Daily Discipleship - Day 120: Fear God and Keep His Commandments
May 3, 2026
Daily Discipleship • Day 120 • Wednesday, August 26, 2026
Fear God and Keep His Commandments
Ecclesiastes 12:13-14
Pleasant Springs Church • ps-church.com
Ecclesiastes is the testimony of Qohelet, "the Preacher," written in the wisdom tradition associated with Solomon and preserved for Israelites who had to live ordinary lives in a world that did not always make moral sense. For eleven and a half chapters, the Preacher has stared at vapor — pleasure, work, wealth, wisdom — and named it all hevel. Then, at the last, the editor steps in. After every honest complaint has been logged, the book lands on two verbs and a coming court. This is wisdom literature's last word to a people tempted to despair or to drift.
φοβοῦ
phobou · Greek (LXX)“fear (imperative)”
Phobou is the present middle imperative of phobeomai, "to fear." In biblical usage it ranges from terror to reverent awe, but the wisdom tradition gives it a particular shape: fear of God is not panic, it is the steady recognition that one is a creature standing before the Maker and Judge. The present tense matters — not a single tremor but an ongoing posture. To fear God is to live under his gaze without pretending you are not.

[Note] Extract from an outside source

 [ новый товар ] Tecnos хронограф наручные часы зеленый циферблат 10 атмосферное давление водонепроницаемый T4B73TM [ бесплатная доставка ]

Pearcey's lifelong project has been to refuse the modern split between a private "upper story" of faith and values and a public "lower story" of facts and work. She argues that this two-story house is the chief idol of our age — we keep God in the attic and run the rest of life on borrowed assumptions. Ecclesiastes 12:14 takes a sledgehammer to the floor between the stories. Every deed, including every secret thing, will be brought into judgment. There is no lower story where God does not look.
That should land on a Christian as both threat and relief. Threat, because the parts of our lives we have walled off — the browser tab, the resentment, the way we speak when no one important is listening — are not walled off from God. Relief, because the parts of our lives we thought were too small to matter — the diapers, the spreadsheet, the kindness no one saw — are not too small for him either. Pearcey's point and Qohelet's point converge: a whole life lived before a whole God.